◆ **How to complete this task**: For each entry, output its words exactly and leave any picture behind.

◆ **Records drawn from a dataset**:

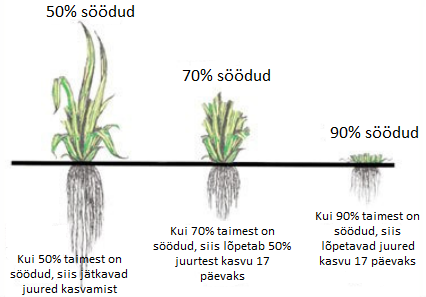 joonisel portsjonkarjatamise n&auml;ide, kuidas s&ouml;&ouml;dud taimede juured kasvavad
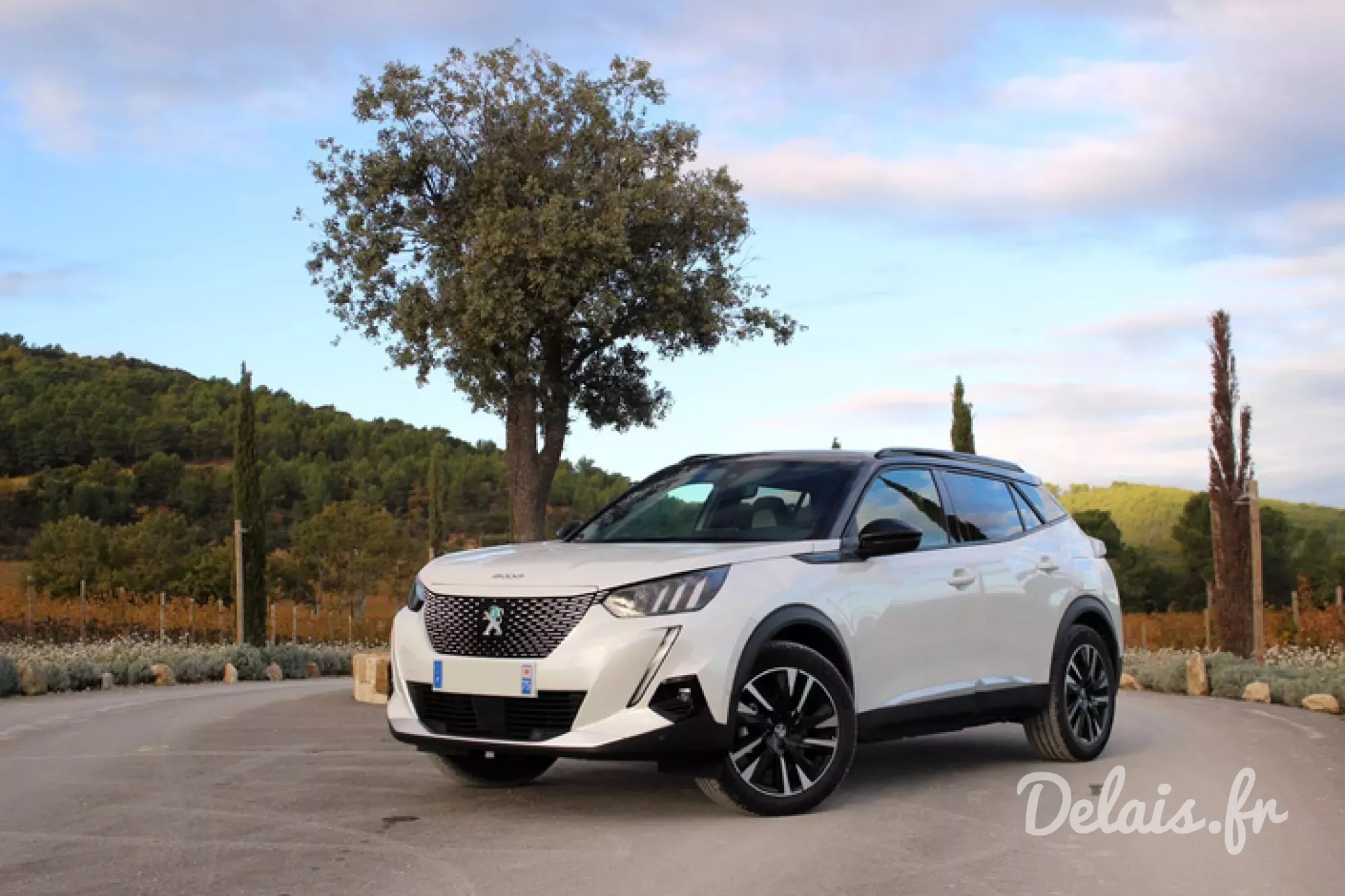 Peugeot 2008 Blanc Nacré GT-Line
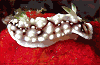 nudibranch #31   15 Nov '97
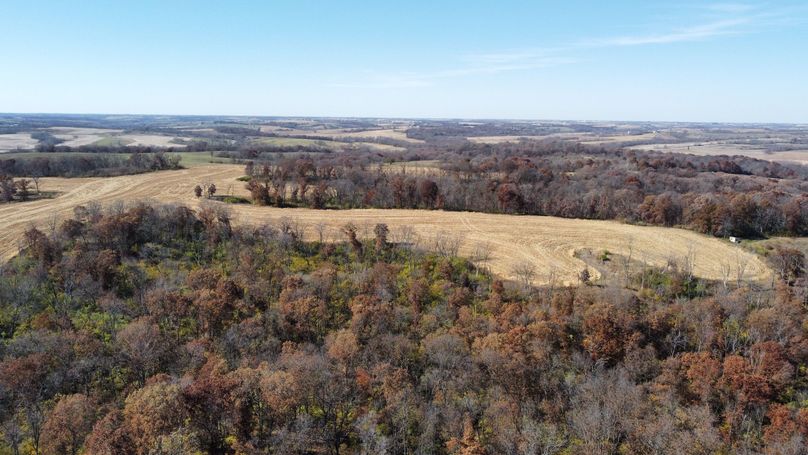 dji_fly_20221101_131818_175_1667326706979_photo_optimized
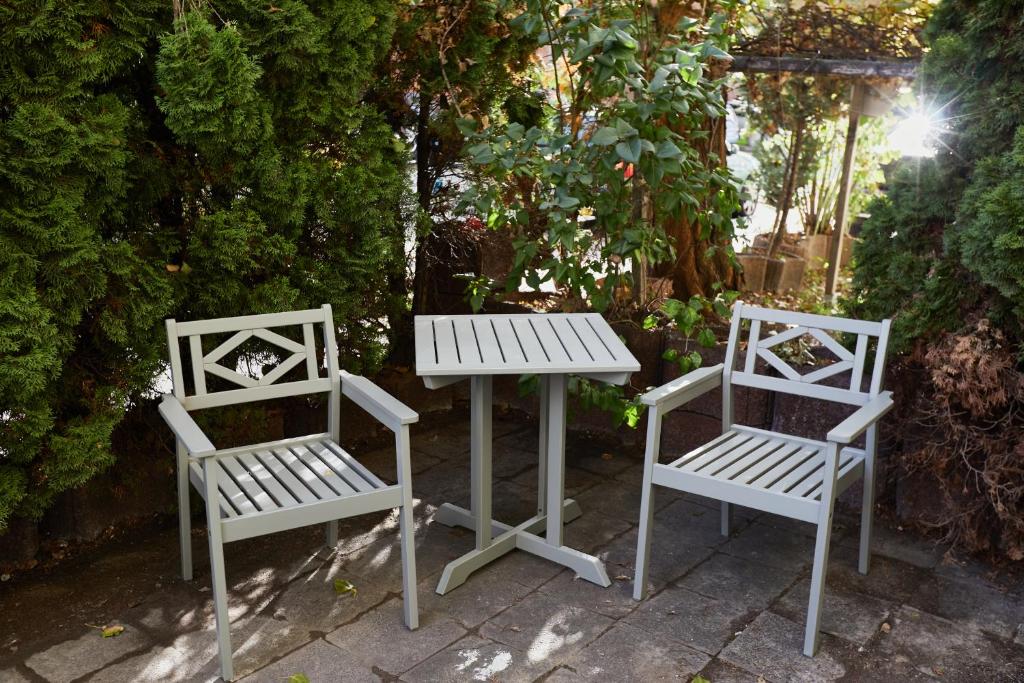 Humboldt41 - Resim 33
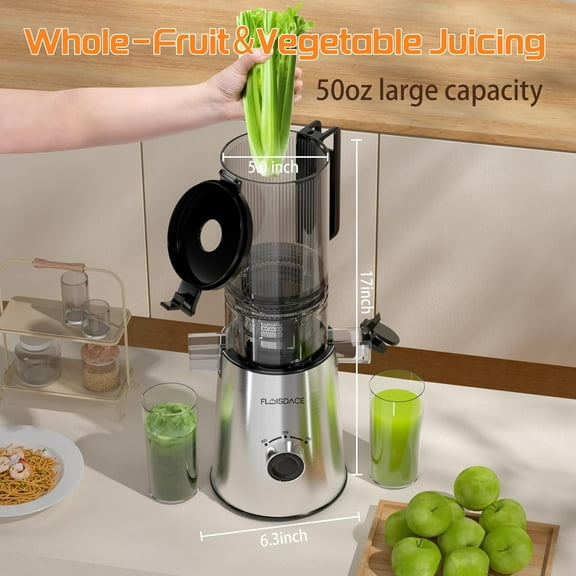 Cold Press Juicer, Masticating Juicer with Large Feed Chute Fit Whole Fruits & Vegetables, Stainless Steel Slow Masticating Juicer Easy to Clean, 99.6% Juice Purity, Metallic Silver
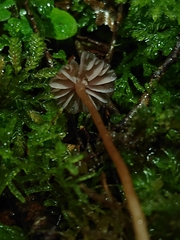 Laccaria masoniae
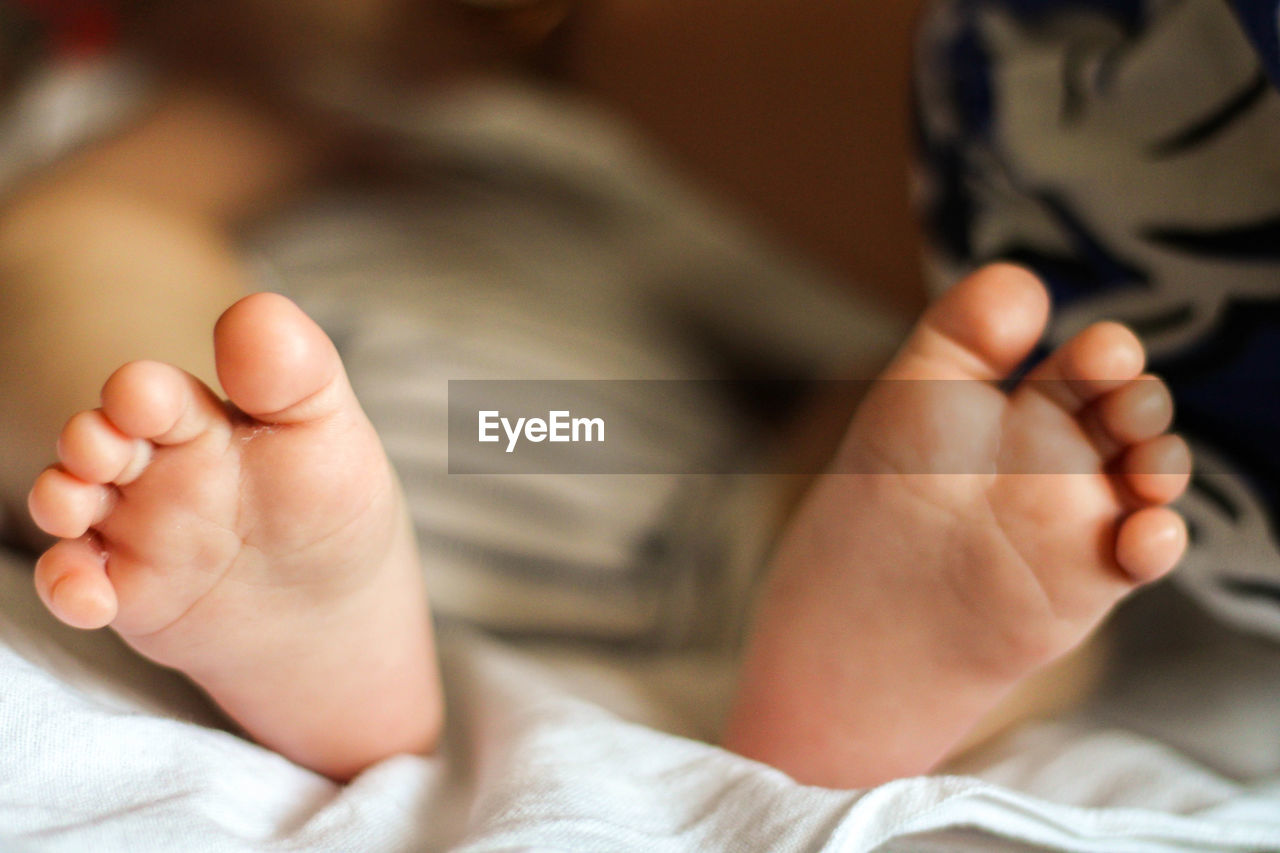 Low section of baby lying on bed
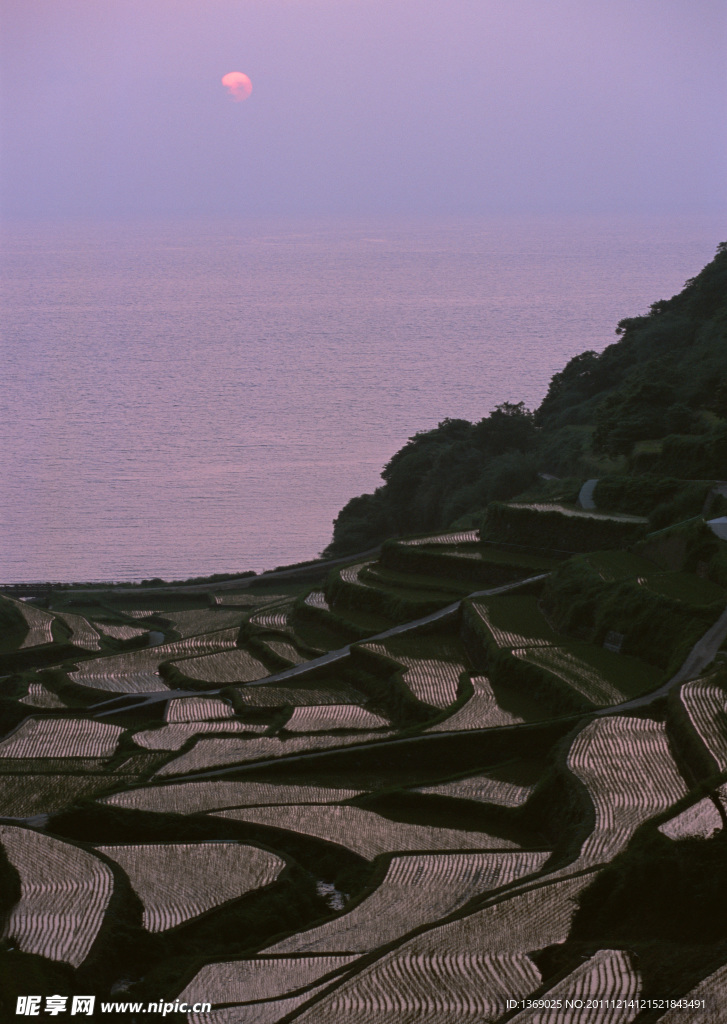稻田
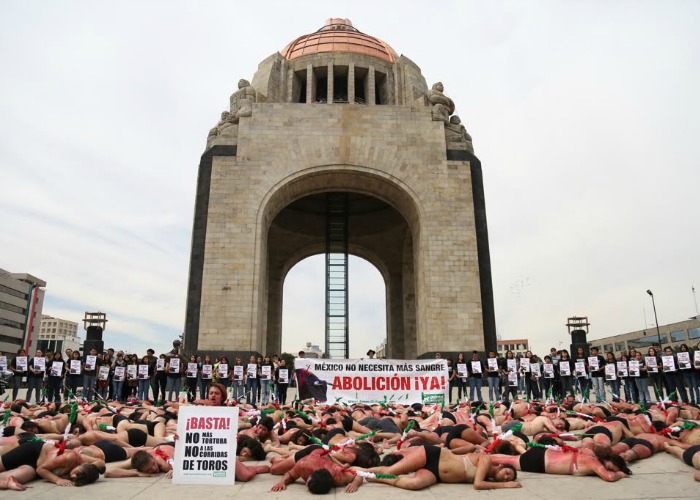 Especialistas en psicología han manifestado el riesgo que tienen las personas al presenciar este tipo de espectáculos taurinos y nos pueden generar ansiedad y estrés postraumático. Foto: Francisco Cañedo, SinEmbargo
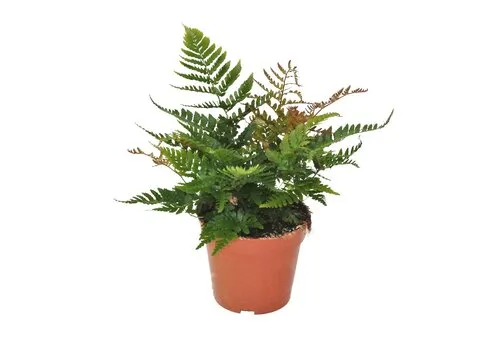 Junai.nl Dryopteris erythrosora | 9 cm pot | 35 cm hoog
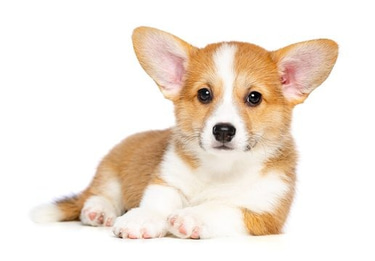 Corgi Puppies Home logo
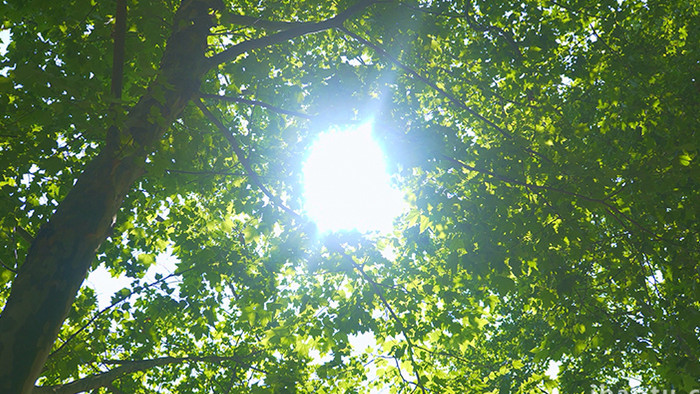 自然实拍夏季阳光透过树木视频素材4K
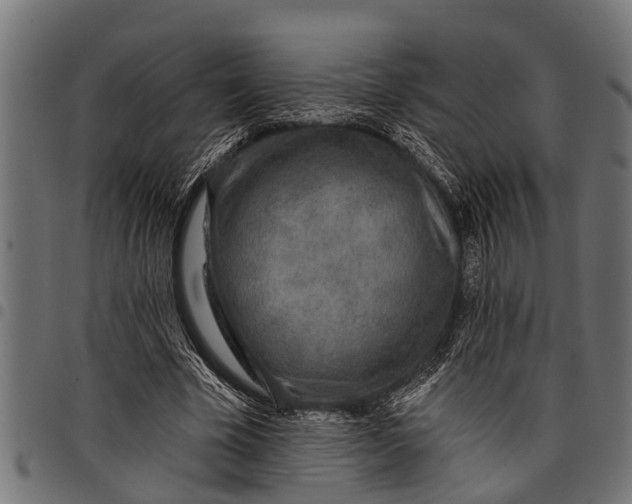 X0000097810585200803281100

◆ **Written response**:
 joonisel portsjonkarjatamise n&auml;ide, kuidas s&ouml;&ouml;dud taimede juured kasvavad
 Peugeot 2008 Blanc Nacré GT-Line
 nudibranch #31   15 Nov '97
 dji_fly_20221101_131818_175_1667326706979_photo_optimized
 Humboldt41 - Resim 33
 Cold Press Juicer, Masticating Juicer with Large Feed Chute Fit Whole Fruits & Vegetables, Stainless Steel Slow Masticating Juicer Easy to Clean, 99.6% Juice Purity, Metallic Silver
 Laccaria masoniae
 Low section of baby lying on bed
稻田
 Especialistas en psicología han manifestado el riesgo que tienen las personas al presenciar este tipo de espectáculos taurinos y nos pueden generar ansiedad y estrés postraumático. Foto: Francisco Cañedo, SinEmbargo
 Junai.nl Dryopteris erythrosora | 9 cm pot | 35 cm hoog
 Corgi Puppies Home logo
 自然实拍夏季阳光透过树木视频素材4K
 X0000097810585200803281100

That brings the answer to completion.